Task requirements. Beginning with the line containing "Anish Kapoor Solo" and going on through the line containing "Neonlinen-Hintergrund", the lines below are to be returned exactly, pictures excluded and nothing added.

Exercise data.

[Start of Attachment]

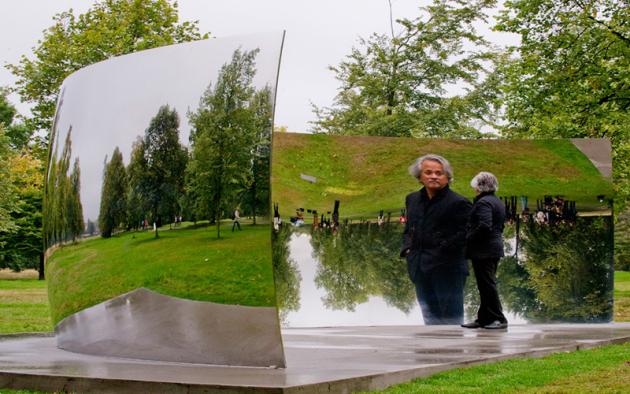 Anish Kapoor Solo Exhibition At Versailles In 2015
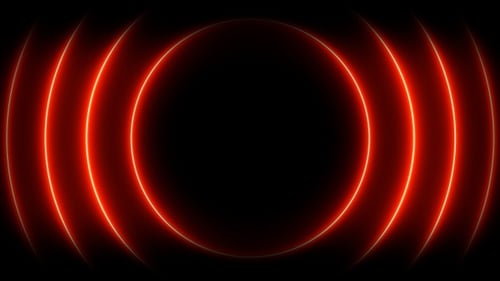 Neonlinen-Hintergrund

[End of Attachment]
[Start of Attachment]

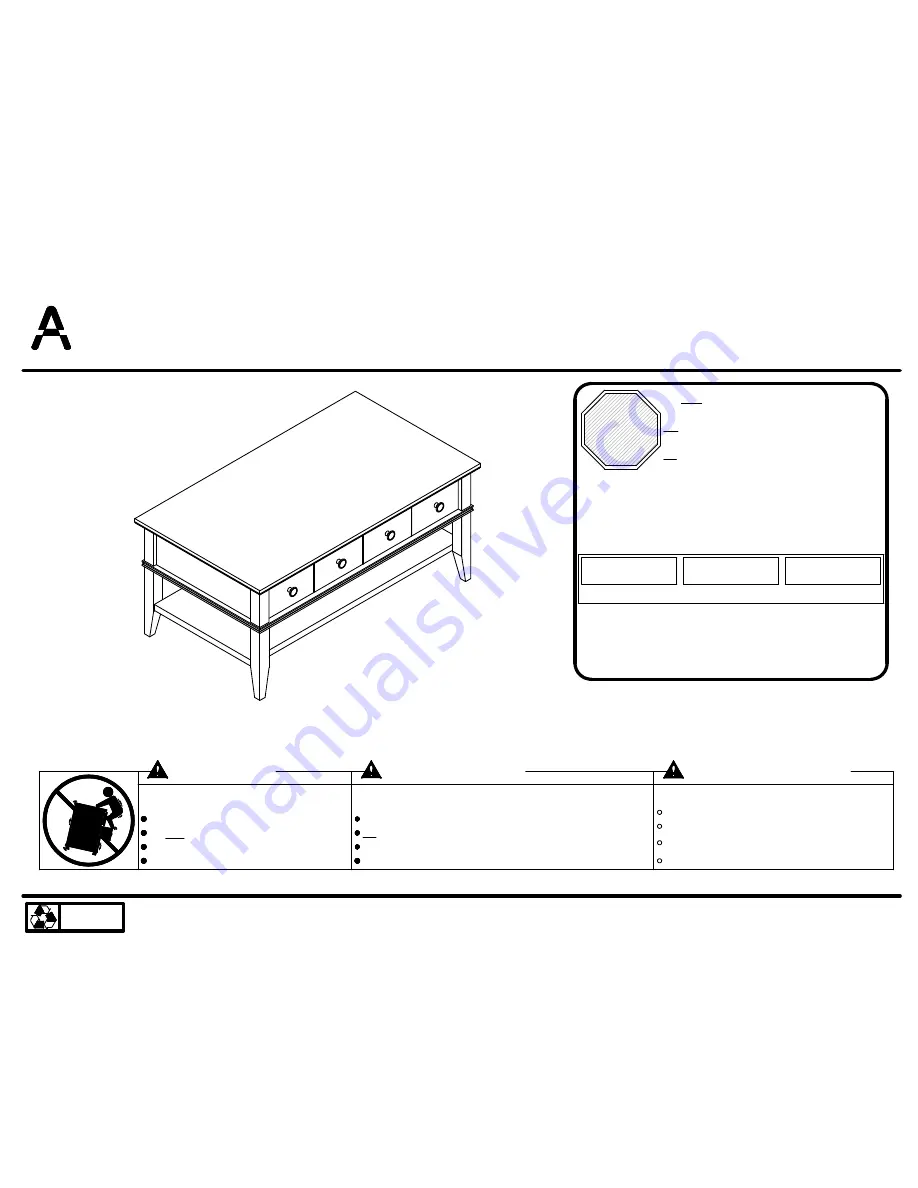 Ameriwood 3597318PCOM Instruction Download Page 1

[End of Attachment]

Response for this exercise.
 Anish Kapoor Solo Exhibition At Versailles In 2015
 Neonlinen-Hintergrund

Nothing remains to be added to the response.